The RTAI real-time Linux extension is now supported by LTT. This means that you can trace RTAI's behavior and view the corresponding graphs with LTT. To see what it can do, take a look at the screen-shots section to view some sample graphs.

To use LTT with RTAI you will require version 1.3 or RTAI, or later and LTT version 0.9.3 or 0.9.4 (see the downloads section to get the latest). As LTT patches for RTAI require a certain effort to generate, not all version of LTT support RTAI. Check the "Patches" directory in the LTT distribution to see if RTAI is supported and which version is supported.

Adding support for RTAI has been made possible through the generalization of the way LTT deals with traces. See the news section for more details (30/08/2000).


DProbes:

You can now use IBM's DProbes with LTT to provide a universal (dynamic) tracing capability for Linux. It is universal because it provides a common tracing mechanism for all executable whether in user or kernel space. It is dynamic because tracepoints are defined and applied dynamically to object modules as probepoints using DProbes - no source code modification is required.

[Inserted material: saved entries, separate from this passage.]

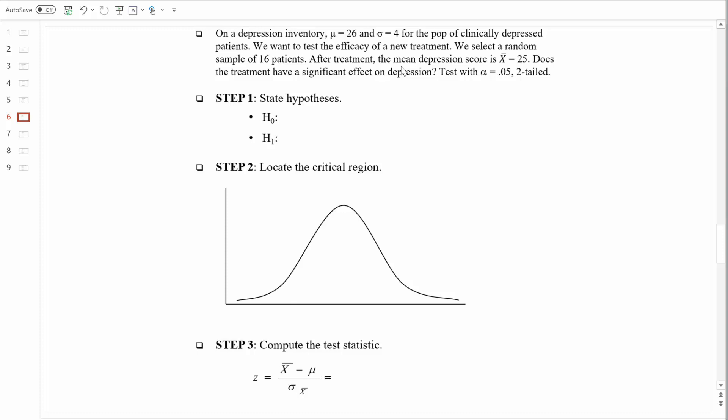What I mean by underpowered is we don't necessarily have a lot of evidence based on just 16 people to find statistically significant differences when they might exist. After treatment, the mean depression score is 25 — that's a sample mean, X bar — coming from the 16 patients who have already been treated. Does the treatment have a significant effect on depression? Test with an alpha of 0.05 two-tailed. In many disciplines, the alpha level is already determined for us, and that's what determines how much evidence we need to reject the null hypothesis. If theoretically your results can go in either direction, you should probably be doing a two-tailed test.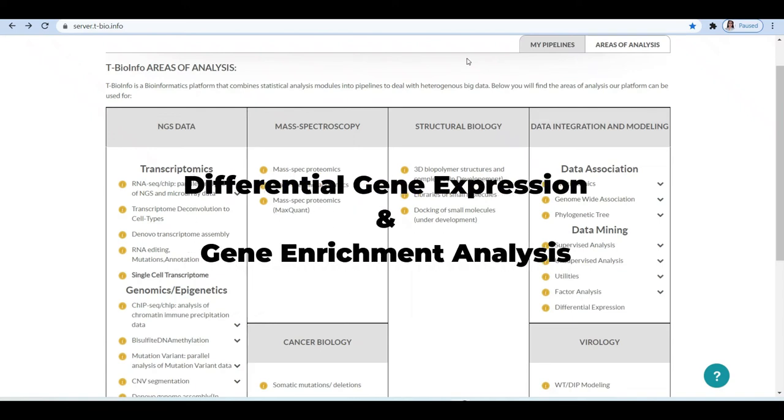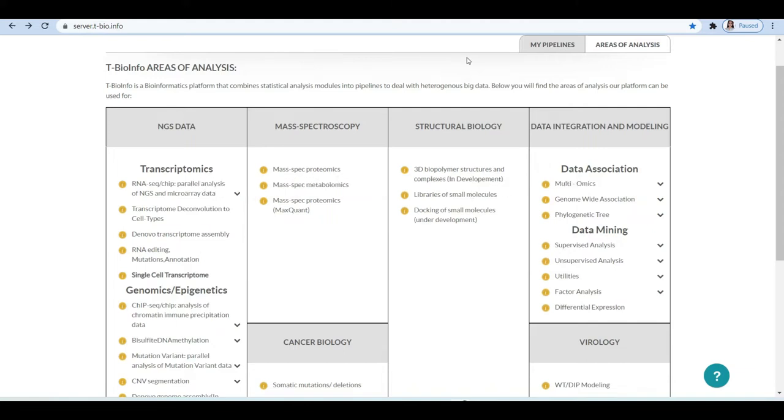Today we are going to talk about differential gene expression analysis and biological annotation pipelines. There are a number of methods and algorithms that can be applied to scrutinize the significant genes from the RNA expression data.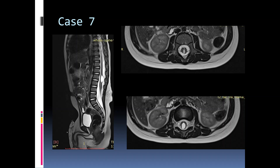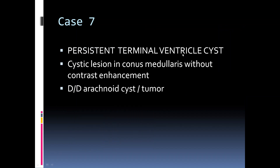Spine MRI of this five-year-old child shows an abnormality in the region of the conus medullaris. There is a well-defined cystic lesion communicating with the central canal, and on the axial images the communication is well visualized. This is a case of persistent terminal ventricle cyst; the differential is arachnoid cyst or tumor, but absence of enhancement helps differentiate from tumor, and an arachnoid cyst is generally eccentric and will not show communication with the central canal.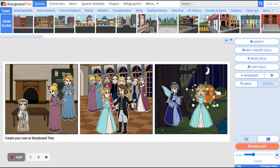Hello and welcome to Storyboard That. My name is Leanne and I'm going to show you how you can move cells within a storyboard.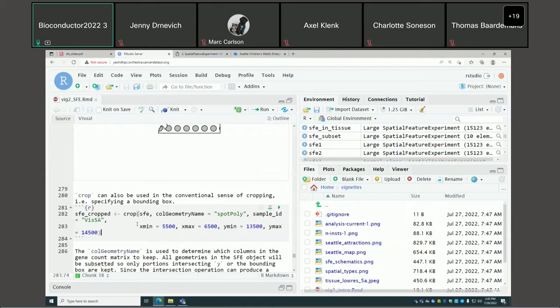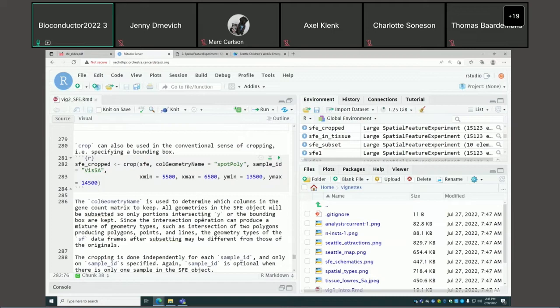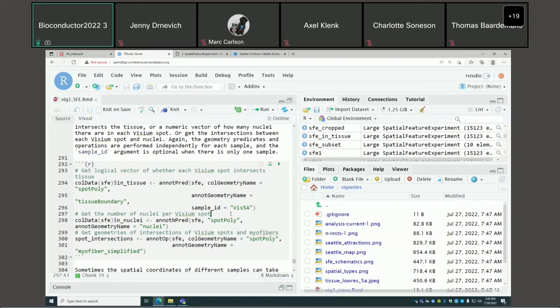We use the tissue boundary of this dataset — not only is the gene count matrix subsetted to keep only spots intersecting the tissue, but the geometries themselves are also subsetted. You can also do more conventional cropping with a bounding box. You can perform geometric operations on SFE without actually subsetting the object — for instance, use st_pred to get a logical vector indicating whether each Visium spot intersects the tissue.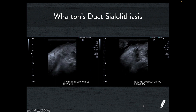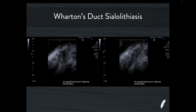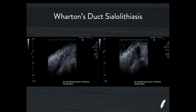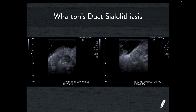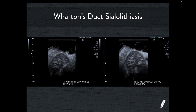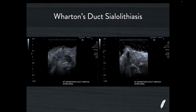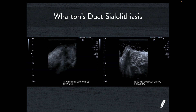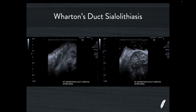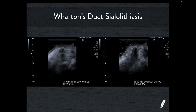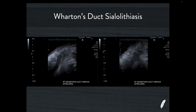Using an intraoral approach can be very fruitful in these patients. The moment I've got unexplained sialectasis of a submandibular gland and I've chased it as far as I can to the oral cavity using the submental approach, I'm going to go inside the mouth with the transducer and get the answer I'm looking for.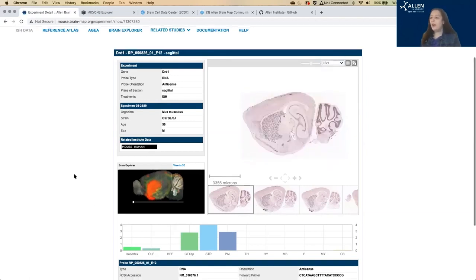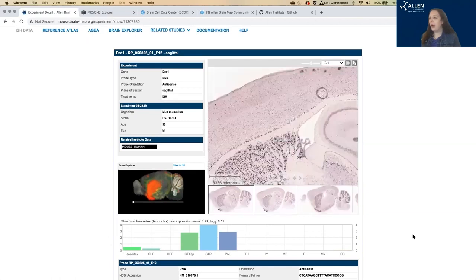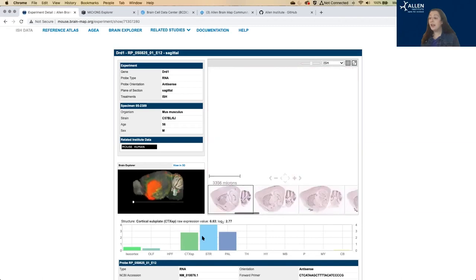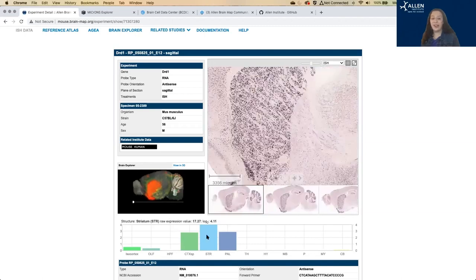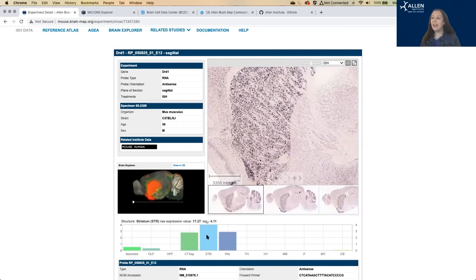We also have, down at the bottom, these summary bar graphs show the relative fluorescence. And DRD1 is highly expressed in the striatum, as expected. This gives a very coarse, high-level summary, at a glance, of the gene expression patterns.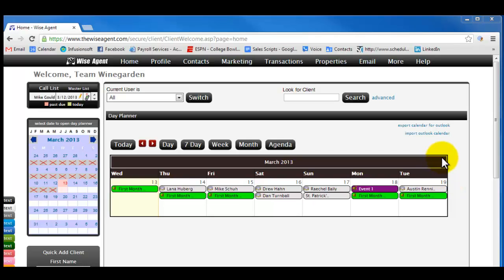Hi, this is Andre Puccini with Viral Marketing, and today I want to show you how to export your contacts from WiseAgent to Viral Marketing.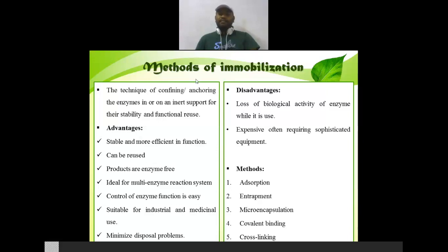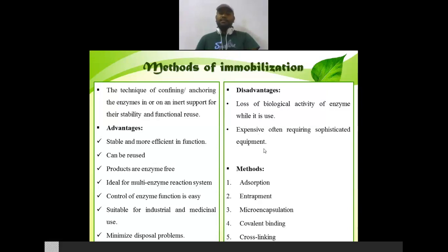What are the advantages and disadvantages of immobilization methods? The advantages are: enzymes become more stable and effective in function, can be reused, are produced enzyme-free, and are ideal for multi-enzyme reaction systems. The disadvantage is that sometimes there is a loss of biological activity of the enzyme while in use, and it can be expensive, often requiring sophisticated equipment.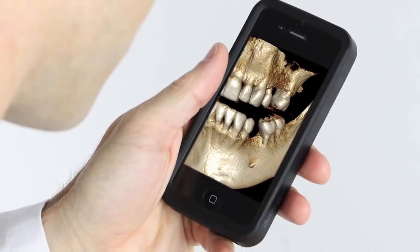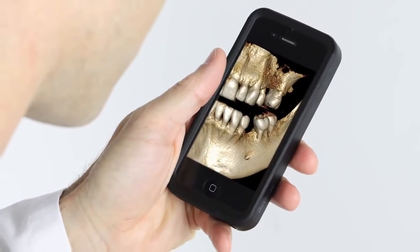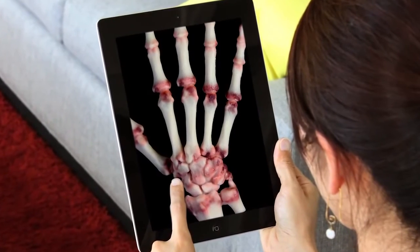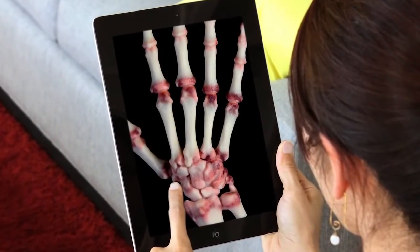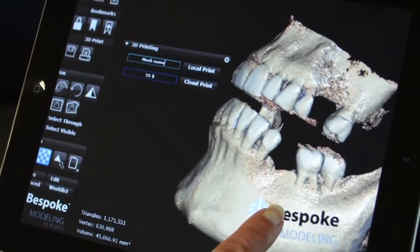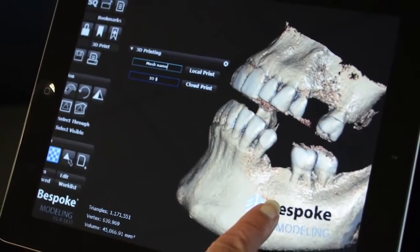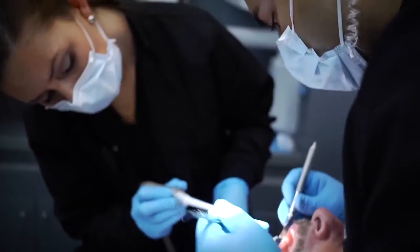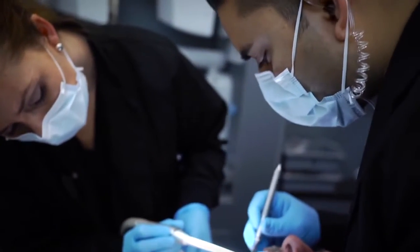Bespoke Modeling works on all internet browsers and iPhone, iPad, and Android mobile devices, allowing you to share images directly with doctors and patients.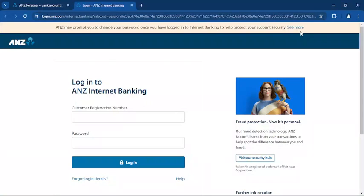Before logging in, you have to take some security tips. Always use a secure network to access your bank information. Do not share your login credentials with anyone. Ensure your device has updated antivirus software.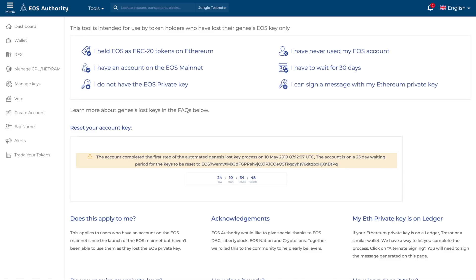As soon as you do that, we start a timer. This is what you'll see next: 'The account has completed the first step of the automated genesis lost key process on this date and is on a 30-day waiting period for the keys to be reset.' There will be a countdown timer — just wait for 30 days, bookmark the link, and come back.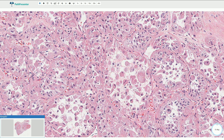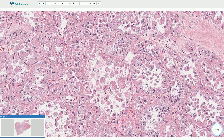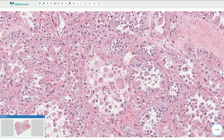It looks like we are looking at some alveoli, but that is just because of discohesion of the cells. There are no true luminal or glandular formations here. At the periphery of these nests, the cells are usually attached to one another.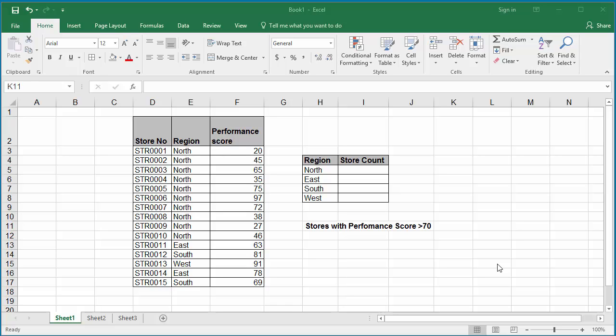You can count number of cells within a range that meet a specific criteria using COUNTIF function. The example table shows the stores of a company in different regions of the country. If you want to count the stores in each region, you can use COUNTIF function.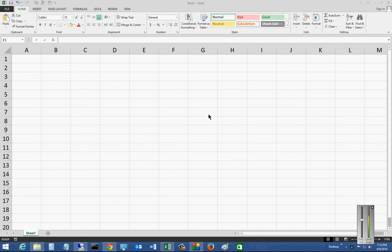We are in Microsoft Excel 2013. I'm going to show you how to format cells with various different currencies. So we'll start with the dollar currency.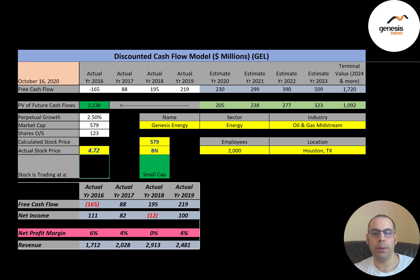Genesis is an oil and gas midstream company. Midstream refers to points in the oil production process that fall between upstream and downstream. Midstream activities include the storage, processing, and transportation of petroleum. Let's get started with the model.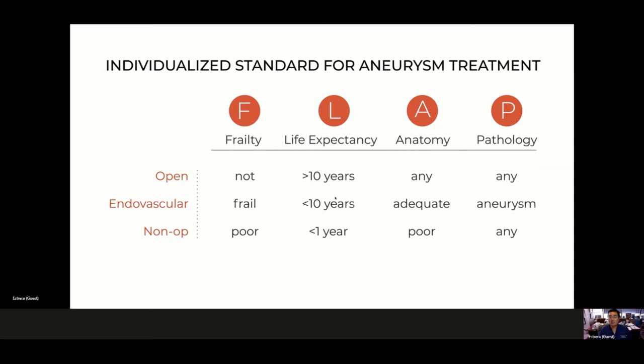Open repair is more durable, so we tend to recommend it for younger patients with good life expectancy who are fairly fit. Endovascular treatments are generally reserved for patients with shorter life expectancy or who are less fit, especially older patients in their 70s and 80s. Chronic dissection has seen a lot of improved technology and techniques that have improved endovascular outcomes for these patients.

To use dyamic trace you will require version 1.2 of DProbes, or later and LTT version 0.9.4pre4 or later (see the downloads section to get the latest). The DProbes kernel patch will need to be compiled with correct configuration options to enable it to work with LTT. See the respective installation instructions in each package for more details.

To provide this capability, LTT now enables programmers to dynamically create new types of events and log those events as part of the standard trace. See the news sections for more details (24/11/2000).